Jindal Poly Investment & Finance Company Ltd Share Price directors Report

To

The Members,

The Directors present their 13th Annual Report with the Audited Financial Statements for the Financial Year ended 31st March, 2025.

1. Financial Results

Particulars

Standalone Consolidated
FY (2024-25) FY (2023-24) FY (2024-25) FY (2023-24)
Total Income 3,169 3,613 3,169 3,613

Profit before exceptional items and tax

2,982 3,424 2,982 3,424
Exceptional items - - - -
Share of Profit / (Loss) of Associates and - - 24,020 26,358
Joint Ventures

Profit before tax

2,982 3,424 27,002 29,782
Tax expense (2,582) 225 (2,582) 225

Profit for the year

5,564 3,199 29584 29,557
Other comprehensive Income 0 1 923 (18)
Total Comprehensive Income 5,564 3,200 305,07 29,557
Earnings per share (EPS) Basic and Dilute 52.93 30.44 281.43 281.18

2. Financial Accounting

The Financial Statements of the Company for FY 2024-25 have been prepared in compliance with the applicable provisions of the Companies Act, 2013 including Indian Accounting Standards (Ind AS) and Guidance Note issued by the Institute of Chartered Accountants of India.

3. Business Overview and State of Affairs

Your Company is mainly engaged in the activity of holding investments in group Companies. During the year under review, the standalone basis, the turnover stood at 66.88 lakhs against 22.13 lakhs during last financial year.

4. Consolidated Financial Statements

In pursuance of the provisions of the Companies Act, 2013, (the Act) Rules thereunder, Securities and Exchange Board of India (Listing Obligations and Disclosure Requirements) Regulations, 2015 ("Listing Regulations") and the applicable Accounting Standards, the Company has prepared Consolidated Financial Statements.

5. Dividend

Your directors had not recommended any dividend for the Financial Year 2024-25

6. Amount, if any, proposed to be carried to any Reserves

The Company has not transferred any amount to any reserve during the year under review.

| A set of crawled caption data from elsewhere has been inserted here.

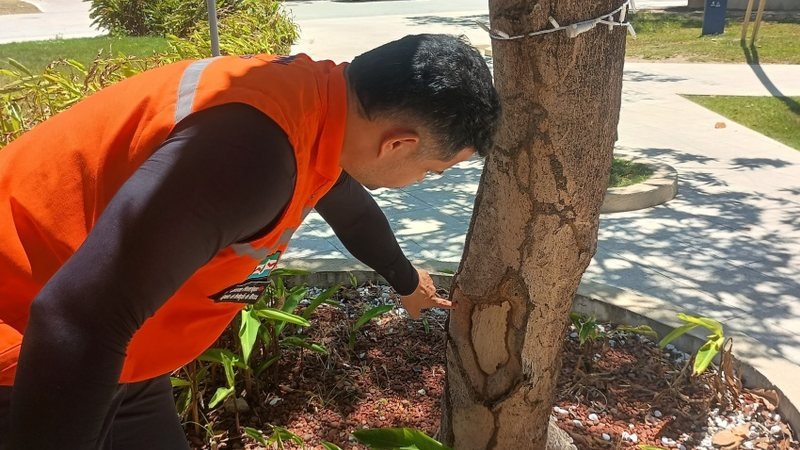 Defesa Civil de Maceió Realiza Vistoria em 10 Mil m² de Áreas Arborizadas para Garantir Segurança e Sustentabilidade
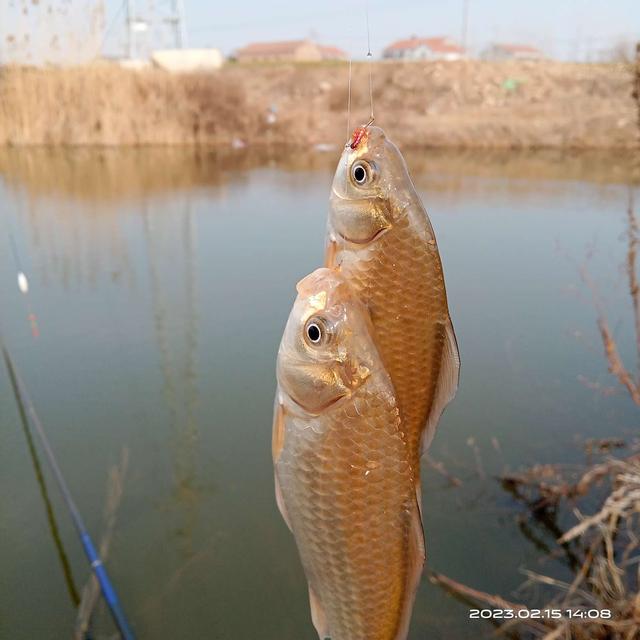 鲫鱼|早春鱼口稀,鲫鱼几尾来光顾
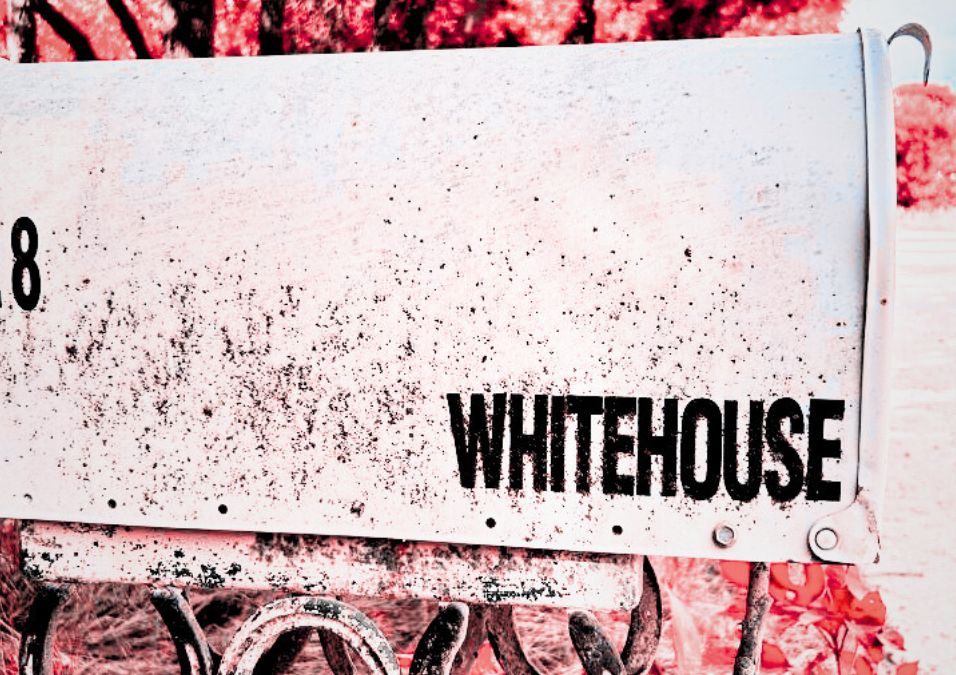 Image of white mail box with White House letters on it_Level Up-poem by Dawn Francis_Rebel-Faith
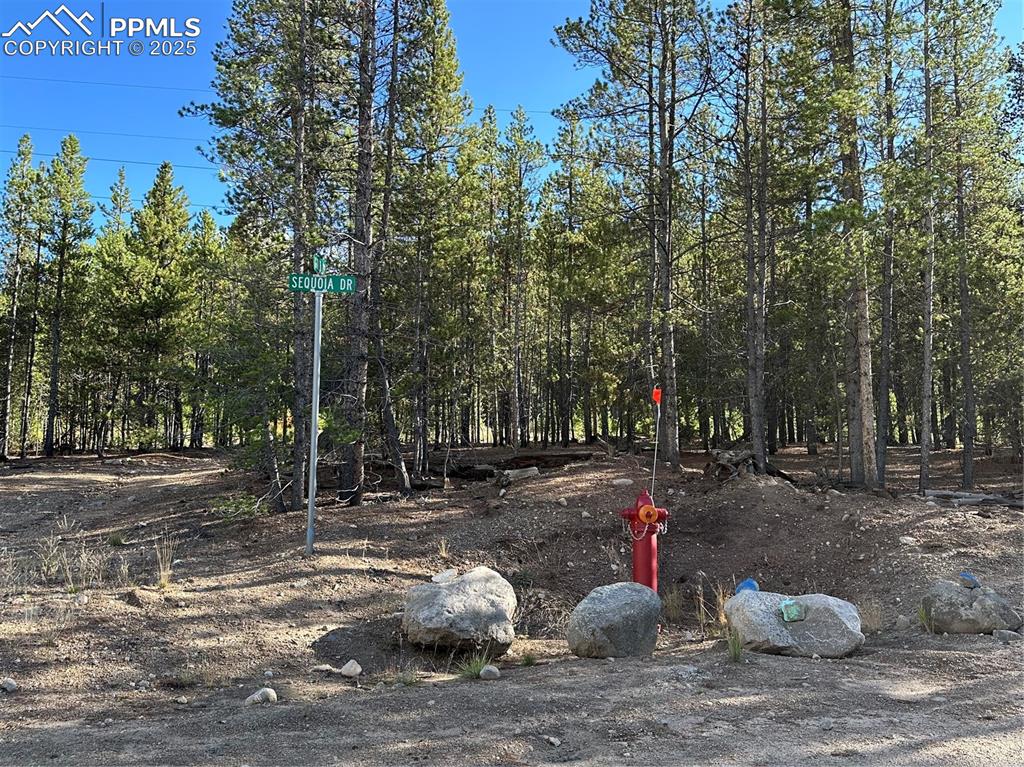 Image 14 of 20: community fire hydrants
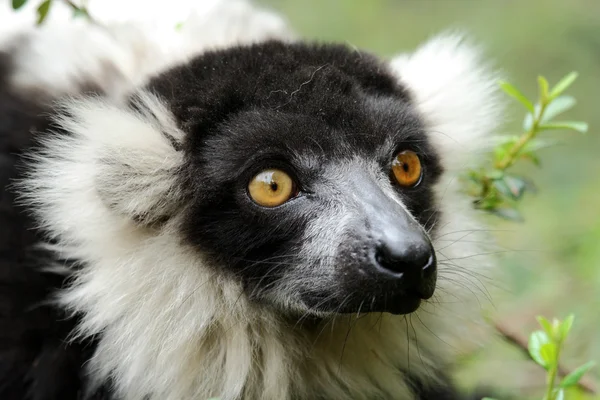 Bílá límcem lemur — Stock fotografie
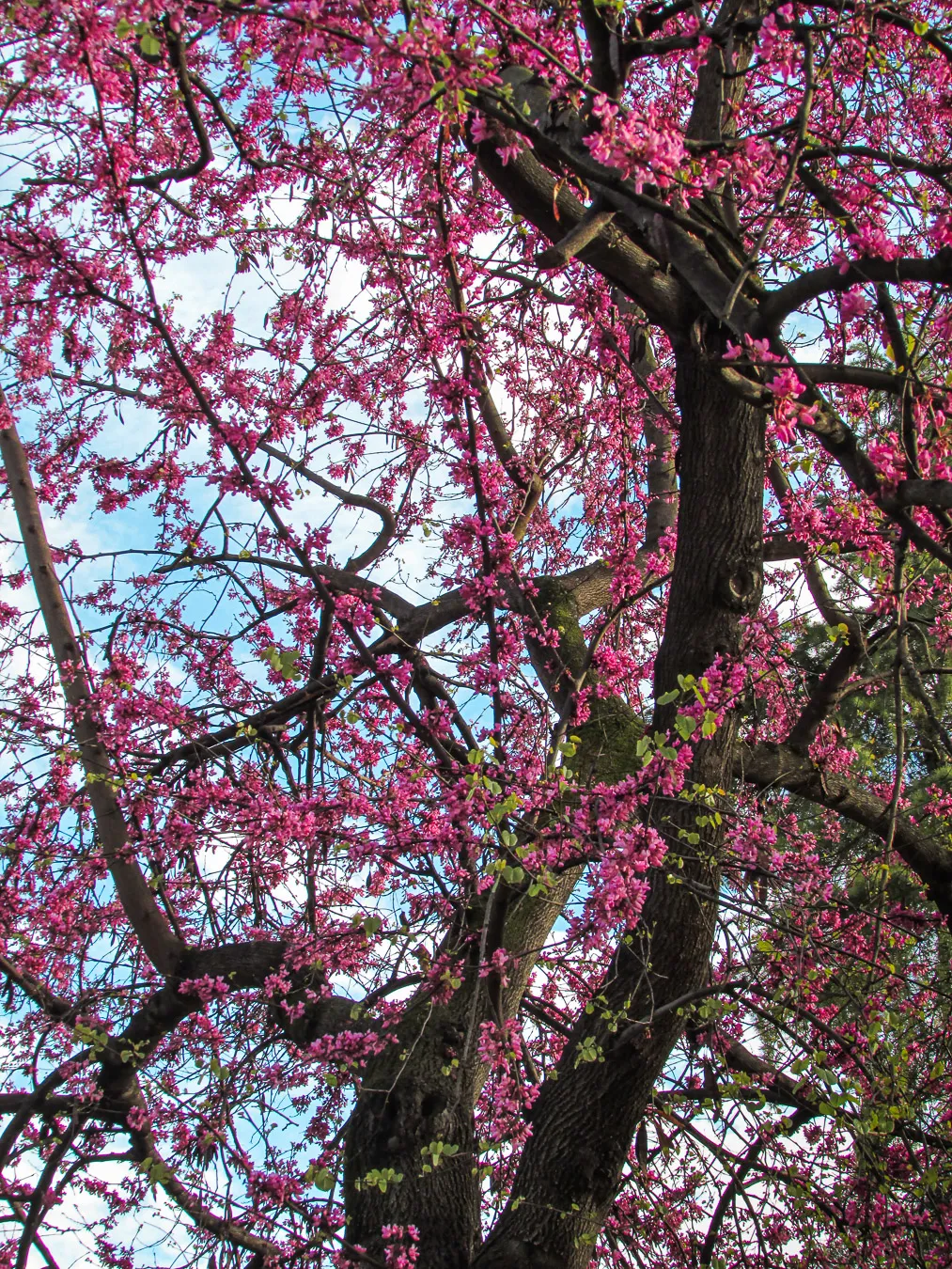Fotografía de naturaleza: arbol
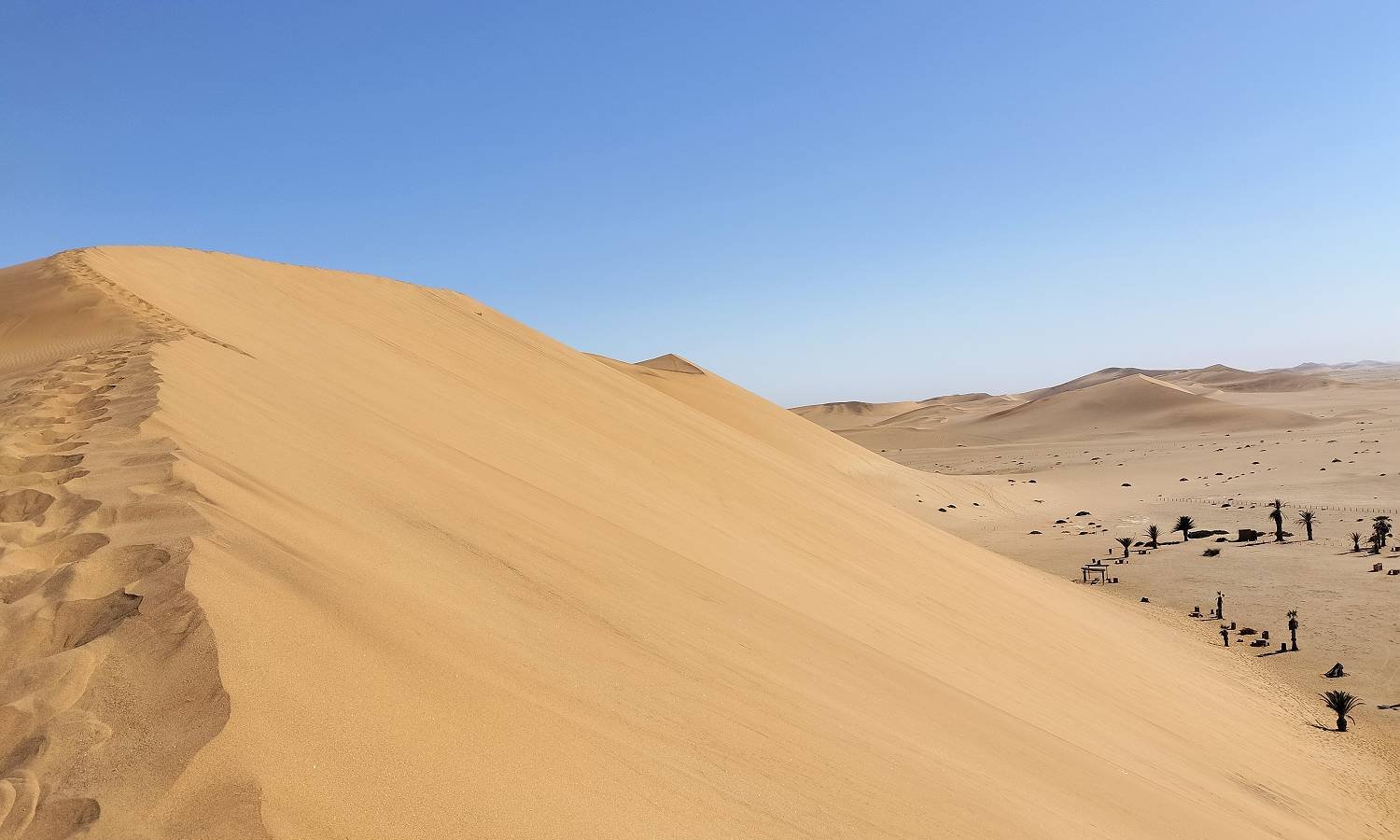 ナミビアのナミブ砂漠　Dune7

7. Change in the Nature of Business

During the year under review, there was no change in the business of the Company.

8. Subsidiaries Joint Venture and Associates Companies

• During the period under review, your Company has no Subsidiary Company. Jindal India Powertech Limited is an associate company.

• In accordance with Section 129(3) of the Companies Act, 2013, a statement containing salient features of the financial statements of the Associate company in Form AOC-1 is annexed to the financial statement forming part of this annual report.

• Due to conversion of 0% Optionally Convertible Preference Shares (OCPS) into equity shares of Jindal India Powertech Limited ("JIPL"), although the number of equity shares held by the Company in the equity share capital of JIPTL remained unchanged, the said conversion has resulted in dilution in the percentage of equity share capital held by the Company in the equity share capital of JIPL from 49.93% to 21.12%.

9. Listing on stock exchanges

The Companys shares are listed on BSE Limited and the National Stock Exchange of India Limited (NSE)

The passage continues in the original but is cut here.